WORK INSTRUCTIONS
The answer should hold every line of the listing, unchanged and free of images.

··· SOURCE MATERIAL

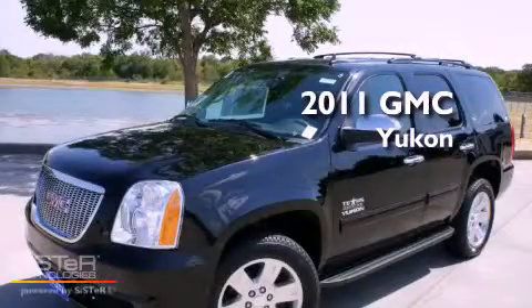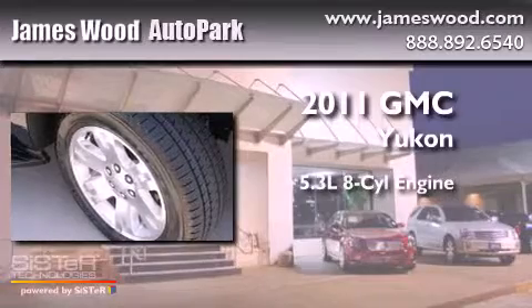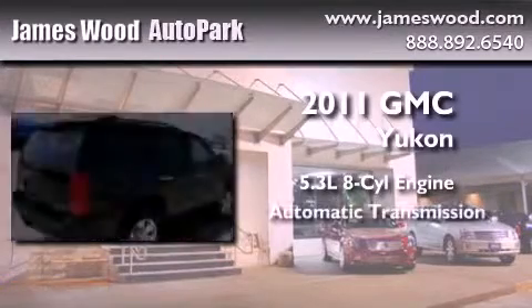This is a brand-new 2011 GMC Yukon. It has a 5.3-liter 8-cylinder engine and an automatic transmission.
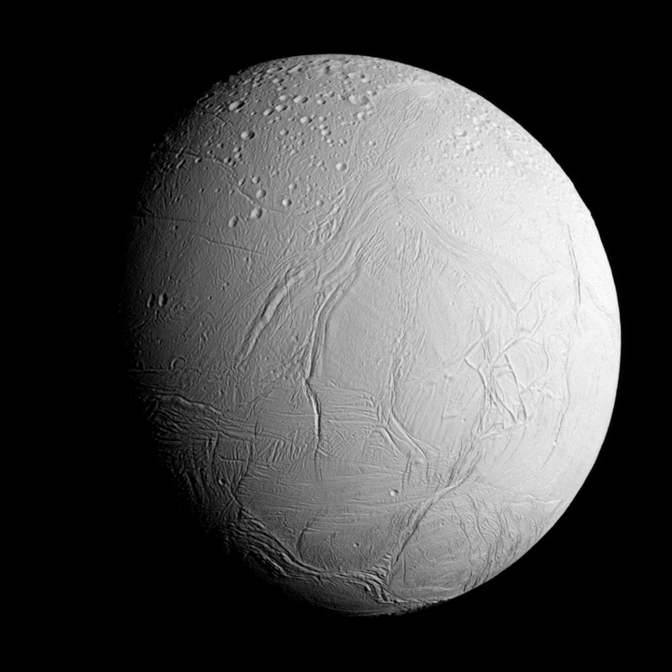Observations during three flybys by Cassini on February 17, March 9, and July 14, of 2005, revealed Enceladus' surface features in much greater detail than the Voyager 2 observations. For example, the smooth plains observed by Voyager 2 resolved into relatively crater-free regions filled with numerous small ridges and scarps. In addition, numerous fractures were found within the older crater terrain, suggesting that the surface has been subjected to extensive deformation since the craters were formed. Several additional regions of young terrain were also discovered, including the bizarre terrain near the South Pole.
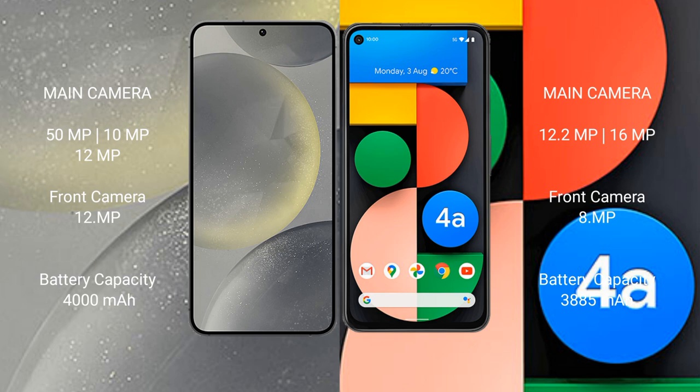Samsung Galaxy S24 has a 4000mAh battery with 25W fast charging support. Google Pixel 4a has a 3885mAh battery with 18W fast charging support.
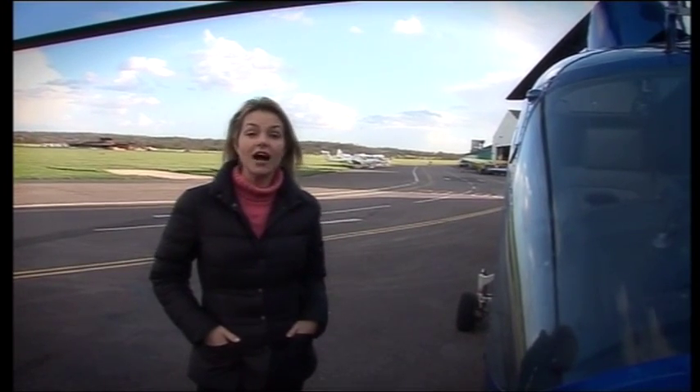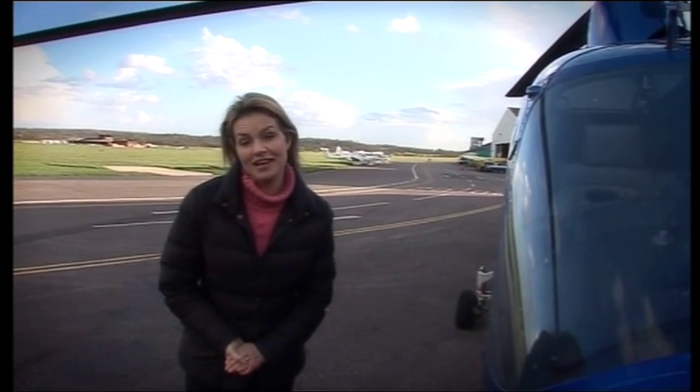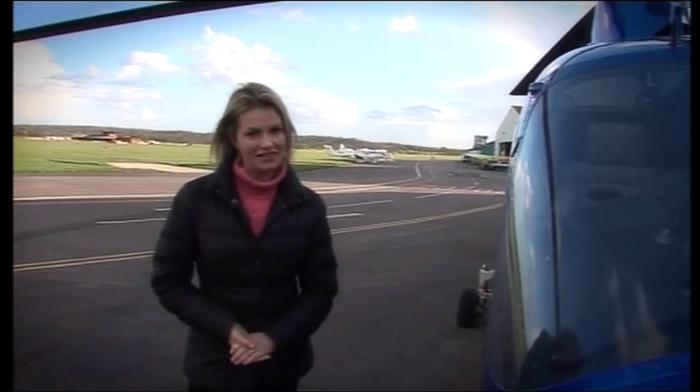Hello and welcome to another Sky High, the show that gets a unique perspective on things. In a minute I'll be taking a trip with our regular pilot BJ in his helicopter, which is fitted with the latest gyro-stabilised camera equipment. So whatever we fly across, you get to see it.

······

EXERCISE RESULT
This is a brand-new 2011 GMC Yukon. It has a 5.3-liter 8-cylinder engine and an automatic transmission.
Observations during three flybys by Cassini on February 17, March 9, and July 14, of 2005, revealed Enceladus' surface features in much greater detail than the Voyager 2 observations. For example, the smooth plains observed by Voyager 2 resolved into relatively crater-free regions filled with numerous small ridges and scarps. In addition, numerous fractures were found within the older crater terrain, suggesting that the surface has been subjected to extensive deformation since the craters were formed. Several additional regions of young terrain were also discovered, including the bizarre terrain near the South Pole.
Samsung Galaxy S24 has a 4000mAh battery with 25W fast charging support. Google Pixel 4a has a 3885mAh battery with 18W fast charging support.
Hello and welcome to another Sky High, the show that gets a unique perspective on things. In a minute I'll be taking a trip with our regular pilot BJ in his helicopter, which is fitted with the latest gyro-stabilised camera equipment. So whatever we fly across, you get to see it.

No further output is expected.